Each record should be copied exactly into the answer, and no picture should go with it.

··· Exercise data

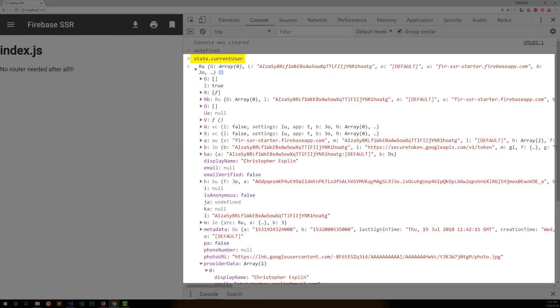Any non-trivial app eventually needs user roles. I need to mark users as administrators, managers, moderators, or just plain paid up users. And custom claims allows me to set simple user attributes directly on my user's JWT. A JWT is a JSON Web Token, which is the current user object in Firebase Authentication.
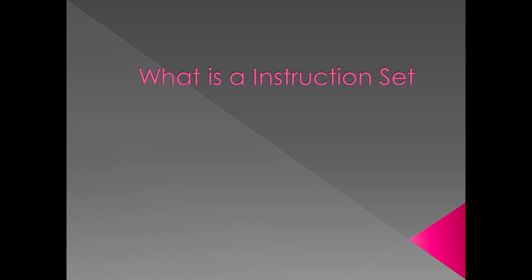Hey guys, Redstone here and we're going to talk about instruction sets.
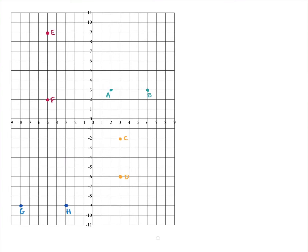Welcome to today's video. For starter questions, I want you to write down the coordinates for all of these points — A, B, C, D, E, F, G, and H. I'll do the first one for you. Remember, we always go out along the x-axis first. This here is the x-axis and this is the y-axis. For A, we go from zero, out to two and up to three.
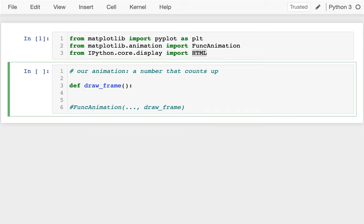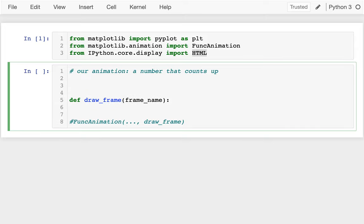Within each frame you can imagine it has some sort of index. The frame at index 0 is at the beginning of the animation, the frame at index 100 is further through the animation. FuncAnimation will conveniently pass in the frame number for me. Since I'm making a number that counts up as my animation, that's actually what I'll draw on the screen. I have to have a figure that I'm drawing on, and I have to create that outside of my draw_frame function. So up here I'm going to say fig, ax = plt.subplots.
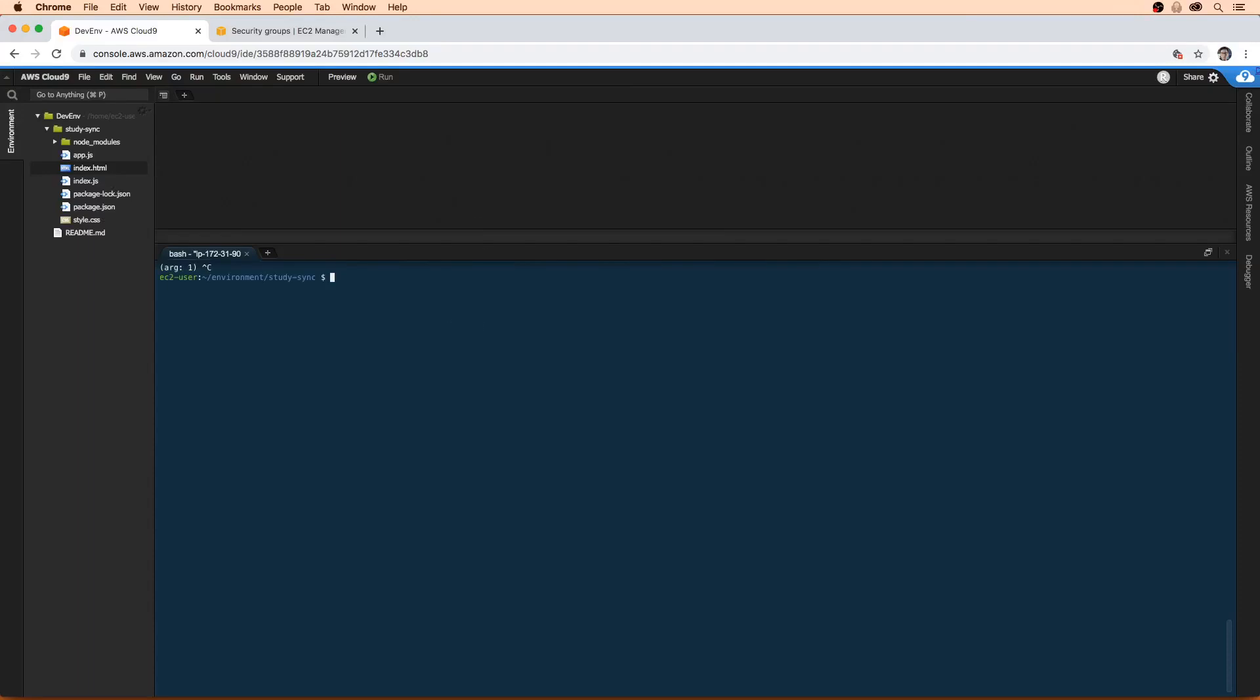So what we're going to do here, I'm just going to type clear so my screen is nice and clean, is we need to figure out what the MAC address is for the EC2 instance.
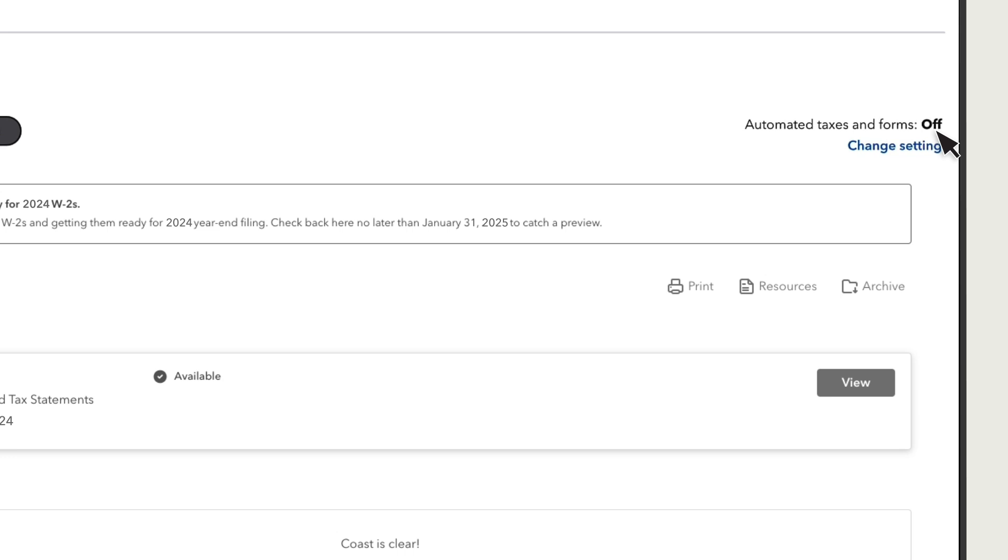If your setting is off, or your setting is on but you've opted out of Intuit W-2 print and mail services, you need to print and mail copies to your employees who want a mailed copy.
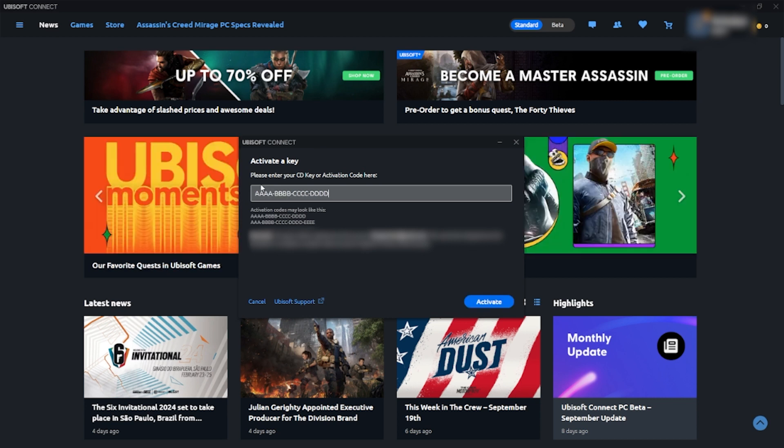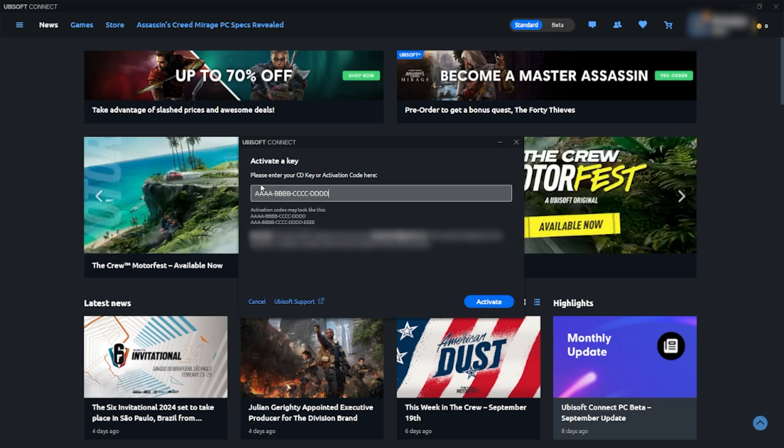Your game is now activated on Uplay, allowing you to play it through the Ubisoft platform, even if you originally purchased it on Steam.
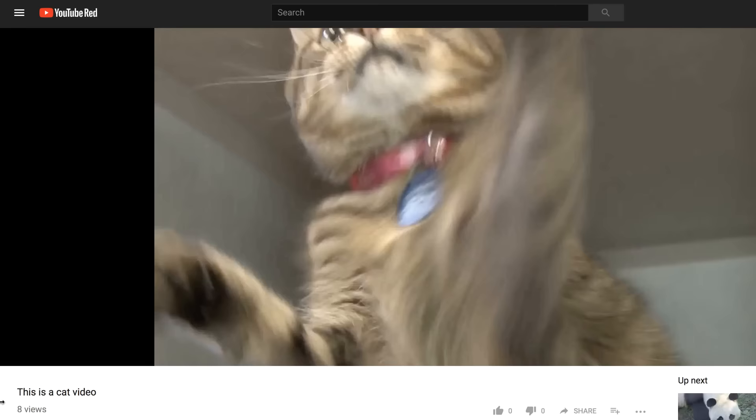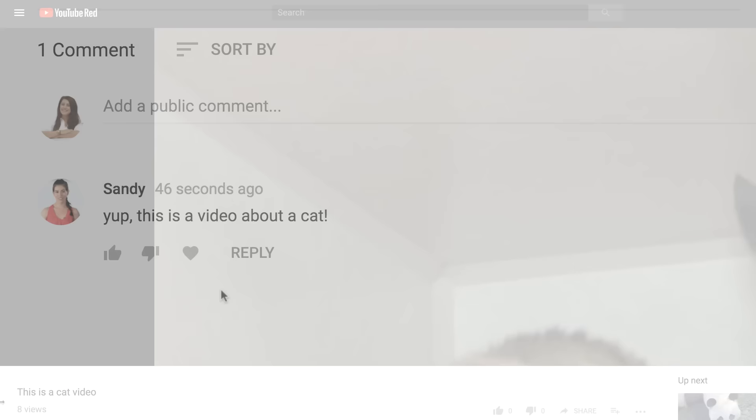To use this, just visit a video on your channel. Look for the heart icon next to the thumbs up and thumbs down icons and click it.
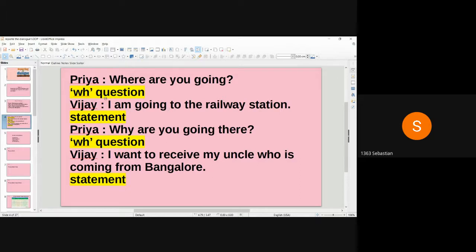Priya is asking 'Where are you going?' — this is a WH question. It is a WH question because it starts with the WH word 'where,' and it gives a descriptive answer. There are two types of questions: WH questions and yes/no questions. Vijay gives a reply: 'I am going to the railway station' — this is a statement.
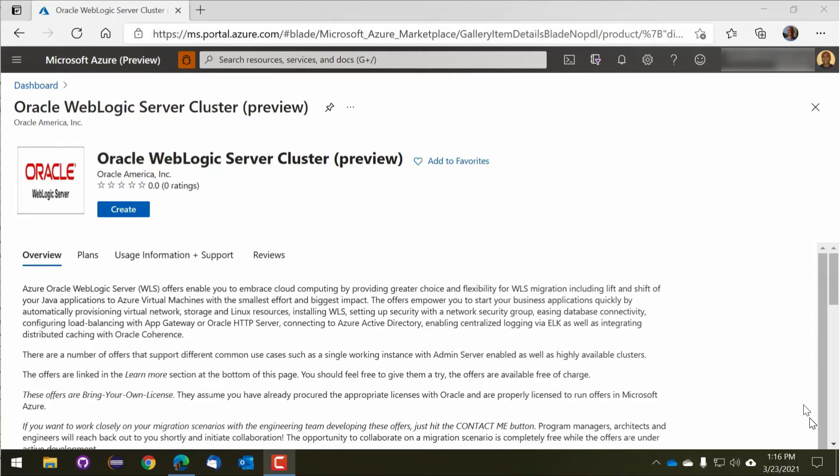Oracle WebLogic Server on Azure Virtual Machines is a great way to accelerate your Java EE to the cloud. These Azure Marketplace offers are jointly developed by Oracle and Microsoft and allow you to quickly lift and shift your work from on-premises to Azure Virtual Machines. Let's take a quick tour.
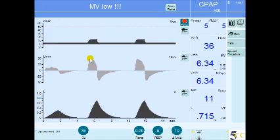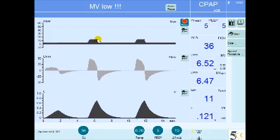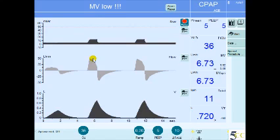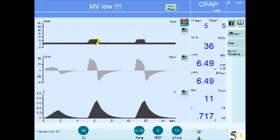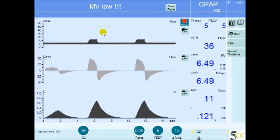The machine monitors the decelerating limb of the flow wave, and once it reaches a certain value set by the operator, it will cycle — meaning it will end inspiration and release that pressure. In this breath, it's about 25% of the maximum inspiratory flow. Once this value is reached, the pressure is released and the patient exhales. So the three variables for the breath are: the trigger (flow, which is patient-triggered), the limit (pressure at 10 centimeters of water), and the cycle (25% of the maximum inspiratory flow).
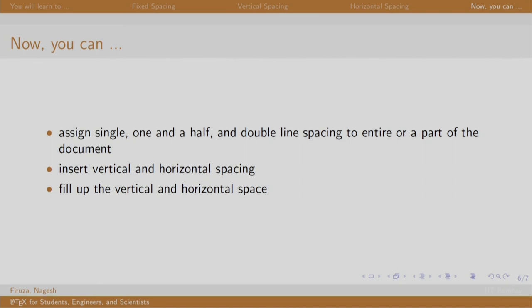So, now, if someone asks you to typeset your document into double spacing, you know what you have to do. Similarly, if someone asks to space out the text on a certain page, you need not worry as it is quite simple and we know it, right? Thank you. Have a nice day.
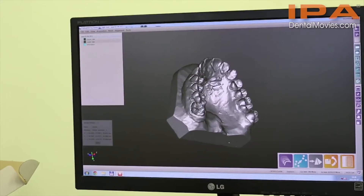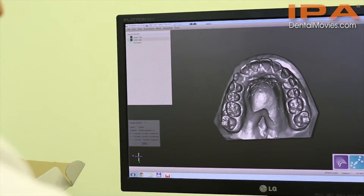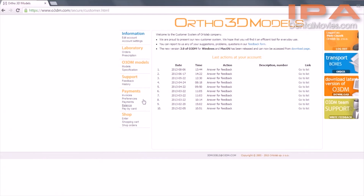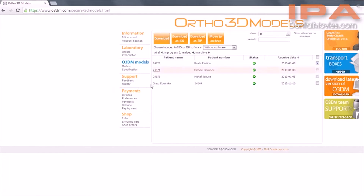The virtual model is placed and stored in the dentist's individual account on the webpage from where it can be downloaded at any time. The software enabling the user to work with models is available for free on the same webpage.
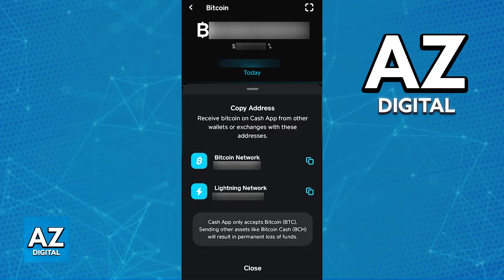Immediately upon tapping Deposit Bitcoin, it will reveal your unique Bitcoin wallet address. You will see the button to copy the wallet address immediately beside it. You also have the option to use a QR code, which might be more convenient. But if you just want to copy the address and paste it somewhere else, then this is all you have to do.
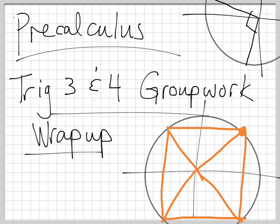Alright, so by popular demand we're going to be doing a wrap-up of the group work for last week and the group work for this week. We're going to be talking about the trig 3 group work and the trig 4 group work, and we're going to try to talk about it as quickly as possible. I want to make sure that you understand what's going on.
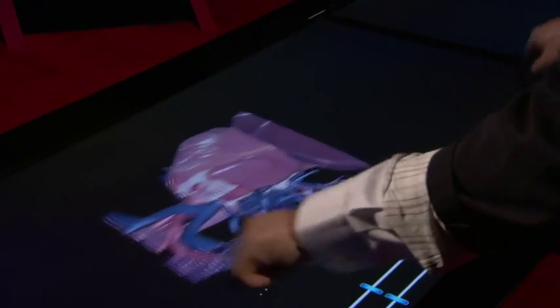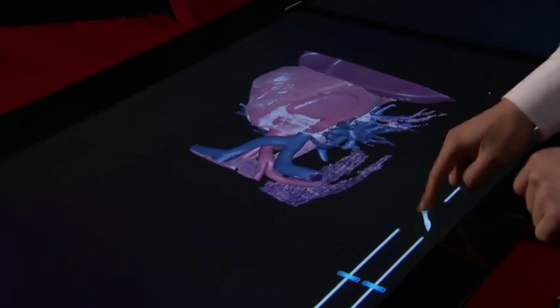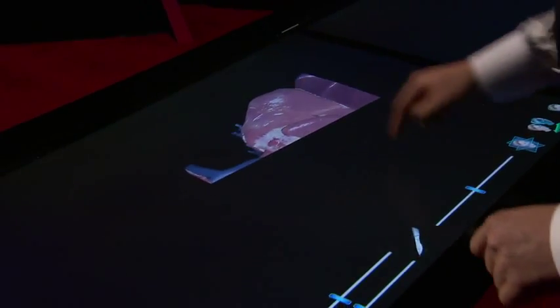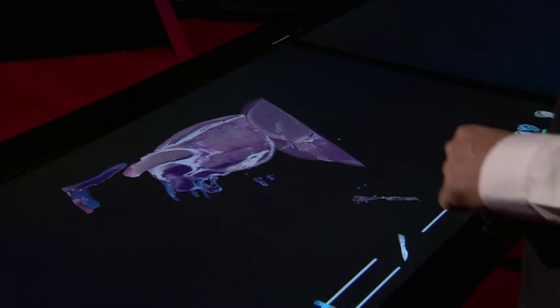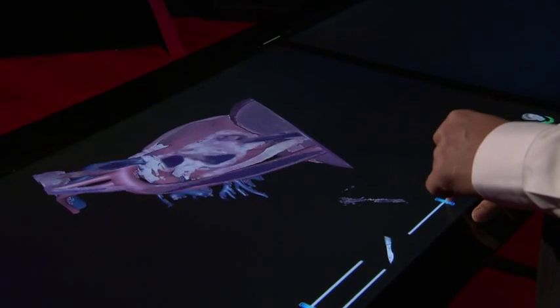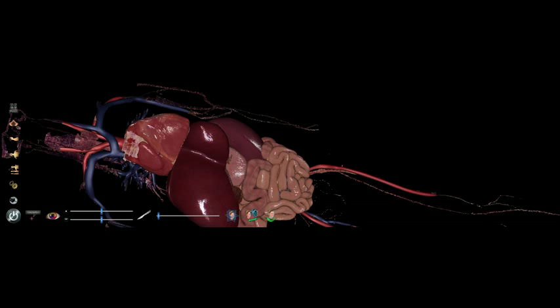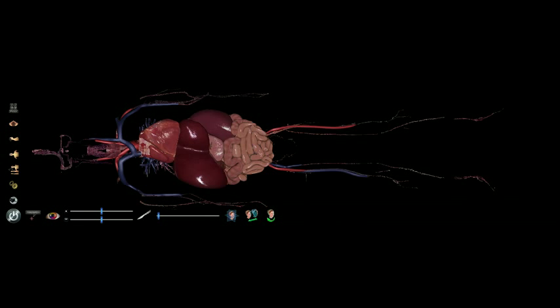Let me zoom in. I'm going to make a cut right there, and you can see the inside of the heart — you can see the atrium and ventricles, how blood flows to arteries and veins. Just like this, students can isolate any body part and dissect any way they want to.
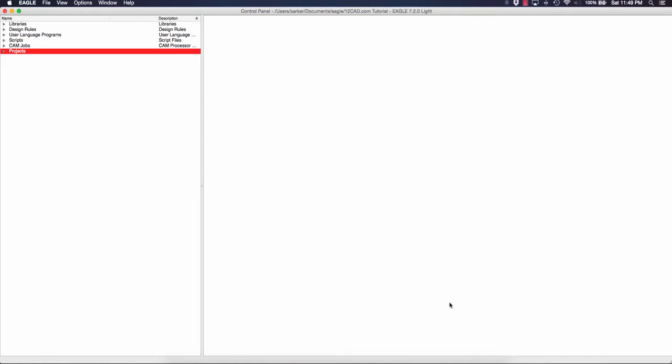We will show you how to activate a library and how to create a brand new schematic. To start off, I've opened Eagle PCB here. I am using a Mac but PC Windows versions also do exist and they're very similar. Here you can see the control panel.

······

• [Response area]
Any non-trivial app eventually needs user roles. I need to mark users as administrators, managers, moderators, or just plain paid up users. And custom claims allows me to set simple user attributes directly on my user's JWT. A JWT is a JSON Web Token, which is the current user object in Firebase Authentication.
Hey guys, Redstone here and we're going to talk about instruction sets.
Welcome to today's video. For starter questions, I want you to write down the coordinates for all of these points — A, B, C, D, E, F, G, and H. I'll do the first one for you. Remember, we always go out along the x-axis first. This here is the x-axis and this is the y-axis. For A, we go from zero, out to two and up to three.
Within each frame you can imagine it has some sort of index. The frame at index 0 is at the beginning of the animation, the frame at index 100 is further through the animation. FuncAnimation will conveniently pass in the frame number for me. Since I'm making a number that counts up as my animation, that's actually what I'll draw on the screen. I have to have a figure that I'm drawing on, and I have to create that outside of my draw_frame function. So up here I'm going to say fig, ax = plt.subplots.
So what we're going to do here, I'm just going to type clear so my screen is nice and clean, is we need to figure out what the MAC address is for the EC2 instance.
If your setting is off, or your setting is on but you've opted out of Intuit W-2 print and mail services, you need to print and mail copies to your employees who want a mailed copy.
Your game is now activated on Uplay, allowing you to play it through the Ubisoft platform, even if you originally purchased it on Steam.
To use this, just visit a video on your channel. Look for the heart icon next to the thumbs up and thumbs down icons and click it.
Priya is asking 'Where are you going?' — this is a WH question. It is a WH question because it starts with the WH word 'where,' and it gives a descriptive answer. There are two types of questions: WH questions and yes/no questions. Vijay gives a reply: 'I am going to the railway station' — this is a statement.
Oracle WebLogic Server on Azure Virtual Machines is a great way to accelerate your Java EE to the cloud. These Azure Marketplace offers are jointly developed by Oracle and Microsoft and allow you to quickly lift and shift your work from on-premises to Azure Virtual Machines. Let's take a quick tour.
The machine monitors the decelerating limb of the flow wave, and once it reaches a certain value set by the operator, it will cycle — meaning it will end inspiration and release that pressure. In this breath, it's about 25% of the maximum inspiratory flow. Once this value is reached, the pressure is released and the patient exhales. So the three variables for the breath are: the trigger (flow, which is patient-triggered), the limit (pressure at 10 centimeters of water), and the cycle (25% of the maximum inspiratory flow).
So, now, if someone asks you to typeset your document into double spacing, you know what you have to do. Similarly, if someone asks to space out the text on a certain page, you need not worry as it is quite simple and we know it, right? Thank you. Have a nice day.
The virtual model is placed and stored in the dentist's individual account on the webpage from where it can be downloaded at any time. The software enabling the user to work with models is available for free on the same webpage.
Immediately upon tapping Deposit Bitcoin, it will reveal your unique Bitcoin wallet address. You will see the button to copy the wallet address immediately beside it. You also have the option to use a QR code, which might be more convenient. But if you just want to copy the address and paste it somewhere else, then this is all you have to do.
Alright, so by popular demand we're going to be doing a wrap-up of the group work for last week and the group work for this week. We're going to be talking about the trig 3 group work and the trig 4 group work, and we're going to try to talk about it as quickly as possible. I want to make sure that you understand what's going on.
Let me zoom in. I'm going to make a cut right there, and you can see the inside of the heart — you can see the atrium and ventricles, how blood flows to arteries and veins. Just like this, students can isolate any body part and dissect any way they want to.
We will show you how to activate a library and how to create a brand new schematic. To start off, I've opened Eagle PCB here. I am using a Mac but PC Windows versions also do exist and they're very similar. Here you can see the control panel.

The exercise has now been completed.